"I ain't got no money" [duplicate]

I know the ultimate meaning of this is "I have no money."

But why? If ain't means have not, then isn't it true that "I ain't got no money" would be read as "I have not got no money"?

Can I have not got [no money] be interpreted as double negative, and hence determining that "I have money", which is not the true meaning of such saying?


Solution 1:

Ain't, in I ain't got no money means have not. With that meaning, it originally represented the London dialect, which uses sentences such as they ain't got nothing to say.

About the usage of ain't, the NOAD has the following notes:

The use of ain't was widespread in the 18th century and is still perfectly normal in many dialects and informal contexts in both North America and Britain. Today, however, it does not form part of standard English and should not be used in formal contexts.

The sentence then contains a double negative, but the double negative is sometimes used to give emphasis to a negative.
The NOAD has the following notes, about the usage of double negatives:

According to standard English grammar, a double negative used to express a single negative, such as I don't know nothing (rather than I don't know anything), is incorrect. The rules dictate that the two negative elements cancel each other out to give an affirmative statement, so that, logically, I don't know nothing means I know something. In practice, this sort of double negative is widespread in dialect and nonstandard usage and rarely causes confusion about the intended meaning. Double negatives are standard in other languages such as Spanish[, Italian] and Polish, and they have not always been unacceptable in English. They were normal in Old English and Middle English and did not come to be frowned upon until some time after the 16th century. The double negative can be used in speech or in written dialogue for emphasis or other rhetorical effects. Such constructions as has not gone unnoticed or not wholly unpersuasive may be useful for making a point through understatement, but the double negative should be used judiciously because it may cause confusion or annoy the reader.

Solution 2:

Multiple negation has been a feature of English for centuries and is found in the work of at least two of the language’s most revered writers. Once again, we must blame the eighteenth century grammarians for proscribing this most natural of English constructions. Such has been their influence that Standard English no longer allows multiple negation, although other dialects do.

The justification for the prohibition given above is now the usual one. It is demolished thoroughly by Jenny Cheshire (Professor of Linguistics, University of London) in that excellent book edited by Laurie Bauer and Peter Trudgill, ‘Language Myths’. As ‘The Cambridge Guide to English Usage’ tells us:

The appeal to mathematics and logic is irrelevant when languages clearly do use double negatives (they are standard in languages such as French and Russian). No one hearing the song line I can’t get no satisfaction would doubt that it was meant to be an emphatic negative, with the second negative word reinforcing the first.

Solution 3:

That's the whole idea of using the double negative here -- to emphasize the fact you have no money at all. Beware this is very informal and should be used only when you know why you're using it.

Solution 4:

In some English dialects, the proper way to negate a sentence is to negate every negatabile portion of it. This is called Negative Concord. Supposedly French and Spanish work this way too.

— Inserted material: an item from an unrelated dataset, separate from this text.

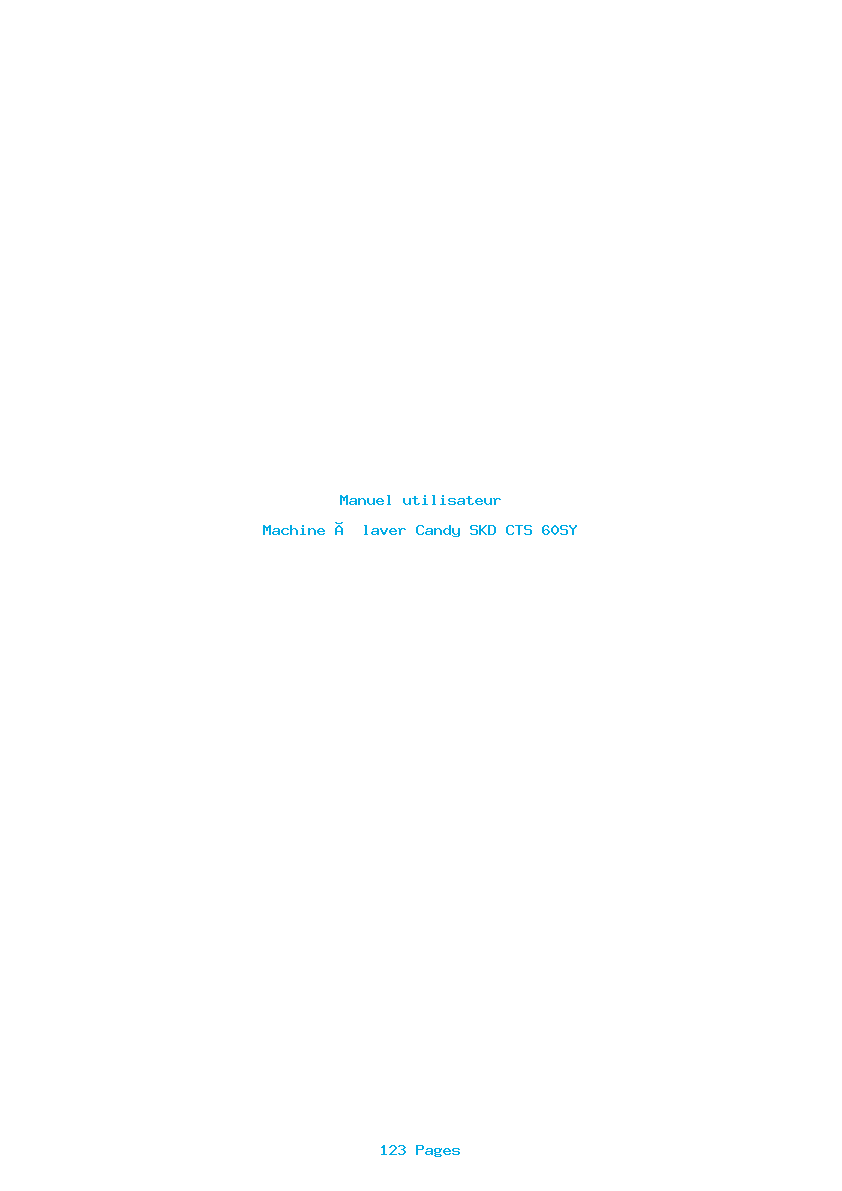 Page 1 de la notice Manuel utilisateur Candy SKD CTS 60SY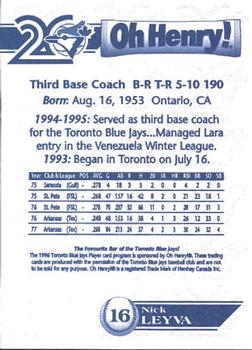 1996 Oh Henry! Toronto Blue Jays SGA #NNO Nick Leyva Back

There are also some dialects where it is acceptible to subsitute ain't for don't. In a dialect with both properties(eg: AAVE), the negative of "I have some money" would typically be "I ain't got no money".

However, the dominant AmE dialect (SAE) does not have these features, and the dialects (at least in the USA) that do tend to be ones spoken in the South or by poorer African Americans. Thus using this phrase is an instant tip-off (to an American) that they are speaking to someone heavily influenced by one of these communities (steriotypically someone poor and/or uneducated in "proper" AmE).